Question 25 asked survey participants to report their current yearly compensation (in approximate U.S. dollars). For readability and ease of analysis, the salary ranges were regrouped so there were fewer categories to review.

Based on the heat map below, we can see that many survey respondents earn between \$100,000 and \$149,999 annually, including data engineers, data scientists, machine learning engineers, product managers, program/project managers, software engineers, and statisticians.
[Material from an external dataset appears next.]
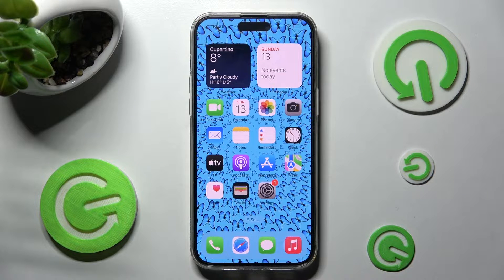Hi! In front of me is iPhone 13 Pro Max and today I would like to show you how you can print using this device.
However, most (496 or approximately 27% of those who responded to this question) earn between \$50,000 and \$99,999 annually.
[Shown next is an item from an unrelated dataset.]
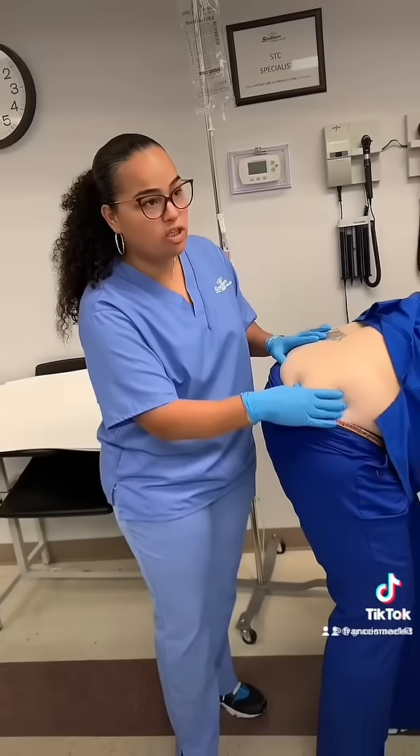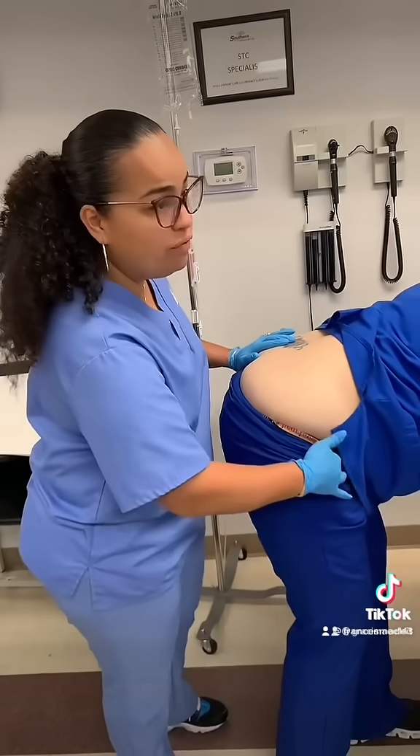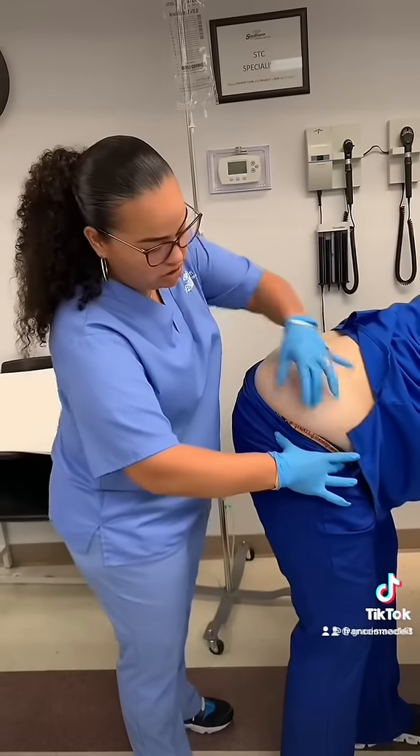The more relaxed they are, the better the muscle is. This is one way you can do it. The other way is to feel for their hip bone and go across. Once you go across, you know that this is your area where you can inject.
Data scientists appear to have the highest salaries, with the greatest totals in the \$150,000–\$199,999, \$200,000–\$249,999, \$250,000–\$299,999, and \$300,000–\$499,999 ranges. The Stack Overflow 2021 Developer Survey reported that data scientists or machine learning specialists in the United States earn a median yearly salary of \$125,000.

In [None]:
# Create heat map

create_heat_map(dataframe=df_salary_pivot,
                x_axis_title='Annual Compensation',
                y_axis_title='Job Title',
                color_bar='Count',
                x_axis_tick_angle=90)

## **Years of Experience**<a name='yoe'></a>

In [None]:
# Filter data for country and relevant questions

df_yoe = df[['Q3', 'Q5', 'Q6']]

In [None]:
# Filter data to see only results for United States

df_yoe_us = df_yoe[df_yoe['Q3'] == 'United States of America']

In [None]:
# Group and aggregate

df_yoe_grouped = df_yoe_us.groupby(['Q5', 'Q6'])['Q5'].count().reset_index(name='Count')
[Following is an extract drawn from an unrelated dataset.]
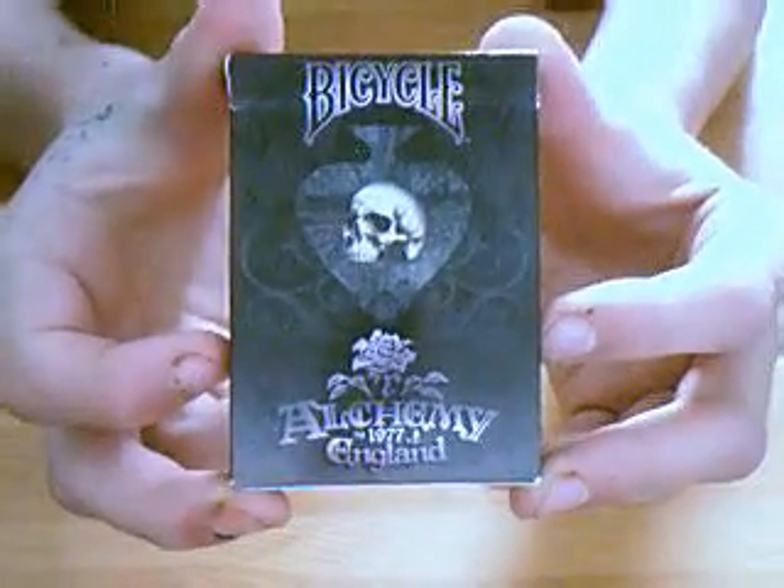Hello everyone, welcome to TNA Magic. This is Tom and I've just got another review here — it's for the Bicycle Alchemy 1997 England pack.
# Rename columns for readability

df_yoe_grouped = df_yoe_grouped.rename(columns={'Q5': 'Job Title', 'Q6': 'Years of Experience'})

In [None]:
# Replace data to sort

df_yoe_grouped['Years of Experience'] = df_yoe_grouped['Years of Experience'].replace('I have never written code', '0')
df_yoe_grouped['Years of Experience'] = df_yoe_grouped['Years of Experience'].replace('1-3 years', '1-3')
df_yoe_grouped['Years of Experience'] = df_yoe_grouped['Years of Experience'].replace('3-5 years', '3-5')
df_yoe_grouped['Years of Experience'] = df_yoe_grouped['Years of Experience'].replace('5-10 years', '5-10')
df_yoe_grouped['Years of Experience'] = df_yoe_grouped['Years of Experience'].replace('10-20 years', '10-20')
df_yoe_grouped['Years of Experience'] = df_yoe_grouped['Years of Experience'].replace('< 1 years', '0-1')
df_yoe_grouped['Years of Experience'] = df_yoe_grouped['Years of Experience'].replace('20+ years', '20+')

In [None]:
# Drop rows for students and those not employed

index_yoe_1 = df_yoe_grouped[df_yoe_grouped['Job Title'] == 'Student'].index
index_yoe_2 = df_yoe_grouped[df_yoe_grouped['Job Title'] == 'Currently not employed'].index

df_yoe_grouped.drop(index_yoe_1, inplace = True)
df_yoe_grouped.drop(index_yoe_2, inplace = True)

In [None]:
# Convert column to string

df_yoe_grouped['Years of Experience'] = df_yoe_grouped['Years of Experience'].astype(str)

In [None]:
# Sort data (add column) and convert to integer

df_yoe_grouped['Sort'] = df_yoe_grouped['Years of Experience'].str.extract('(\d+)', expand=False).astype(int)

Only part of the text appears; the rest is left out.